Du concept de la Wraith sera issu une version appelée Fighter : on la reconnaît à sa fourche à parallélogramme et à son épine dorsale plus travaillée. Elle sera produite de 2009 à 2011.
En tout, 42 Wraith et 58 Fighter ont été produites.
2015 : une Hellcat de 2.2 !
Alors qu’une seconde fournée de 61 Fighter a été relancée en 2015, vendus 119 500 $, Confederate retravaille son modèle le plus accessible, la Hellcat et présente la version X132 Speedster, dénommée ainsi parce qu’elle fait appel à une motorisation S&S X-Wedge de 132 ci, soit 2163 cm3. L’injection électronique commande des corps de 58 mm et le tout développe 121 ch, mais un couple solide de 190 Nm ! Le design est toujours organique (remarquez la forme du bras oscillant ou des carters moteurs), tandis que les composants restent de qualité, à l’image de la solide fourche inversée WP de 48 mm de diamètre, des freins Beringer et des roues en carbone.
Une de ces Hellcat préparée a battu un record de vitesse sur le lac salé de Bonneville, à 279 km/h. Les 65 exemplaires de la Hellcat prévus pour 2015, vendus 69 500 $, sont déjà tous vendus.
Conclusion
Les Confederate sont des sculptures roulantes, personne ne peut en douter ! Si la Wraith nous paraît la plus aboutie et la plus délirante dans l'esprit, leur conception en fait des engins singuliers dans la production motocycliste américaine.
Au fil des années, le tarif est passé de 60.000 $ pour les Hellcat à plus de 120.000 $ pour les dernières Fighter, en sachant qu’une Wraith était affichée 92.500 $ en 2007. Pas étonnant, dès lors, que l’on trouve dans la clientèle quelques people, tels que Tom Cruise, David Beckham, Eddie Van Halen, Ryan Reynolds, Brad Pitt…
Confederate a lancé fin 2015 un appel à investissement sous forme d’actions et ambitionne de produire de nouveaux modèles à la fois dans la lignée des Hellcat, Wraith et Fighter, mais également d’arriver sur des segments de marché plus accessibles afin qu’un plus grand nombre puisse accéder à la philosophie de Confederate : the Art of Rebellion.

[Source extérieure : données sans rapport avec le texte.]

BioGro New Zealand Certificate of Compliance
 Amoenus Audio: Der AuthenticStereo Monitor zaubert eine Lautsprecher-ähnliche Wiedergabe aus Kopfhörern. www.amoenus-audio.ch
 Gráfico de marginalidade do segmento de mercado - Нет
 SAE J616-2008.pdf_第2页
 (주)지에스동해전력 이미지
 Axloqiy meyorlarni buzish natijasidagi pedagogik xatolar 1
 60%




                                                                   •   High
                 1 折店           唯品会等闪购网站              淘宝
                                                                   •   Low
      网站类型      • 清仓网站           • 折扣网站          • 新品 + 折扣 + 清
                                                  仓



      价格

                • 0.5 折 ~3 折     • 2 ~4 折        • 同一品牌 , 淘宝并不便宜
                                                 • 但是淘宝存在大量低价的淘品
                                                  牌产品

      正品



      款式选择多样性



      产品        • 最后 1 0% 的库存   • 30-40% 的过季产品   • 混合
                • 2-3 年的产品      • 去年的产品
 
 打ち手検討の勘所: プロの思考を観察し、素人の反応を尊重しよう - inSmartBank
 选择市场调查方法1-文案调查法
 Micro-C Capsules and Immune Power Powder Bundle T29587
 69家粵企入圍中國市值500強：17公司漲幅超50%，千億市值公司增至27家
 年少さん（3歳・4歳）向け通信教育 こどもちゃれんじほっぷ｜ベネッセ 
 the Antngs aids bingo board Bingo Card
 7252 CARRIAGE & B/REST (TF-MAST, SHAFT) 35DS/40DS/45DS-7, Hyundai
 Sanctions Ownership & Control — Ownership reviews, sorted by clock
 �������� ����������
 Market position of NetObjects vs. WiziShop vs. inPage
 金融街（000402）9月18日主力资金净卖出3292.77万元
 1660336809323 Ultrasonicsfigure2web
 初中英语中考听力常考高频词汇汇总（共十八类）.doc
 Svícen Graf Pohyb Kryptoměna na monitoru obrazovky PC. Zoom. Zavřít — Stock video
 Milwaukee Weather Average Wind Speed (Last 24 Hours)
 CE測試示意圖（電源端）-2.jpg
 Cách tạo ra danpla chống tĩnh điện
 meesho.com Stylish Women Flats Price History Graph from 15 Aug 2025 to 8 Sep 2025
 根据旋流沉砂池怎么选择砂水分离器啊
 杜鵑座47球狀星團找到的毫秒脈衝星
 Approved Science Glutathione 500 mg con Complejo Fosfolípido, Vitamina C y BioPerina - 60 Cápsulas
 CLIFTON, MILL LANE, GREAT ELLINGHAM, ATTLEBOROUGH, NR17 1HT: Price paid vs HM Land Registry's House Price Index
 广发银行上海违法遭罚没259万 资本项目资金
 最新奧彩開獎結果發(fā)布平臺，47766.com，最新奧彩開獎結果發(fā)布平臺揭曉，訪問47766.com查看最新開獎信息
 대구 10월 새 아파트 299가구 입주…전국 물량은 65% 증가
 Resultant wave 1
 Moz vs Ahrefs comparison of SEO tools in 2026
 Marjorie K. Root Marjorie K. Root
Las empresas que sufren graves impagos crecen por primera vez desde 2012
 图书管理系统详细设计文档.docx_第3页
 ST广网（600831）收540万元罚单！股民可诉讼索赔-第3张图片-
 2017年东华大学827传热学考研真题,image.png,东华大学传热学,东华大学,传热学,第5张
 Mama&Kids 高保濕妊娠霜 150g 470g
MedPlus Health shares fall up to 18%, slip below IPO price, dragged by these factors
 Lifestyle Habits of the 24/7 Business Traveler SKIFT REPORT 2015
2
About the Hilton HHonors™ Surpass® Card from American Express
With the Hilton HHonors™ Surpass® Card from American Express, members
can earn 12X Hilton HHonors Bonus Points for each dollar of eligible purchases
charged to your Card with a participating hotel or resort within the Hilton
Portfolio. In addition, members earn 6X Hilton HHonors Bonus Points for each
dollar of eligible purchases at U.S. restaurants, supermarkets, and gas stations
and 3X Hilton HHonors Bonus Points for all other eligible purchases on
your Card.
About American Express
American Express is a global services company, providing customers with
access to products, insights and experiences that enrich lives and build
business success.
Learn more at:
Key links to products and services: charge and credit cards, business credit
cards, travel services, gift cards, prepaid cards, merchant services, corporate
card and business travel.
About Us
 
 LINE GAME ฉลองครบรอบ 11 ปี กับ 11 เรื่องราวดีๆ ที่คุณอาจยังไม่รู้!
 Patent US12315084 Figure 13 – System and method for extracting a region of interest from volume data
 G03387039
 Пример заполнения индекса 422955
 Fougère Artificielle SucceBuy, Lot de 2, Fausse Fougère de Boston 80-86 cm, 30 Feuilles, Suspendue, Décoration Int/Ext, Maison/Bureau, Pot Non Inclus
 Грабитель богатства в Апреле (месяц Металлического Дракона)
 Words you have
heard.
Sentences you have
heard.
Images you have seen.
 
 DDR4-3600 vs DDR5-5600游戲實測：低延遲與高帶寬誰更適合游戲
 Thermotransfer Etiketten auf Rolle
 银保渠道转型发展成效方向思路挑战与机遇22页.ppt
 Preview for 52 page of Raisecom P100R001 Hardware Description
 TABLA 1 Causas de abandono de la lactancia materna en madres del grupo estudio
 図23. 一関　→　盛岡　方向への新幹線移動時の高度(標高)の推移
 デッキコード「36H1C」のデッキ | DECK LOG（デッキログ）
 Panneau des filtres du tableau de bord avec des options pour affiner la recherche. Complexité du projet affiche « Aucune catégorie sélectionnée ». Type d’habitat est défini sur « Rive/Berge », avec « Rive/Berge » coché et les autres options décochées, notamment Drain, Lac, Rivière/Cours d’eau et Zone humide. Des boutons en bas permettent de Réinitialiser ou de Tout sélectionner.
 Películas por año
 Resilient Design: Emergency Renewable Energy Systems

Mais alors que le climat politique se tend outre-Atlantique avec l'arrivée au pouvoir de Donald Trump, la marque paye le prix de son nom qui renvoie à la Civil War et aux mouvements suprémacistes blancs. Confederate décide alors en août 2017 d'emprunter une nouvelle direction en se tournant vers la motorisation électrique, en partenariat avec Zero Motorcycle et d'en profiter pour prendre le nom de Curtiss Motorcycles pour ce nouveau départ.
Renaissance
Trois ans plus tard et alors que Curtiss a commercialisé une ultime P40 Warhawk Final Edition, le nom et la propriété intellectuelle de Confederate Motorcycles sont vendus à Ernest Lee. Ce dernier relance la marque en 2020 et la production à Birmingham, en Alabama, mais opte pour le nom de Combat Motors. Le retour de la marque se fait avec les F-117 Fighter, P-51 Combat Fighter et FA-13 Combat Bomber déjà connu, une Wraith redessinée et deux nouvelles Hellcat, désormais réalisées sur des bases de Harley permettant une homologation à travers le monde.
Commentaires
Instructif, mais franchement très loin des visées et ambitions du "motard moyen" européen. Mis à part les afficionados des motorisations de style Harley, ce n'est guère une mode répandue chez nous.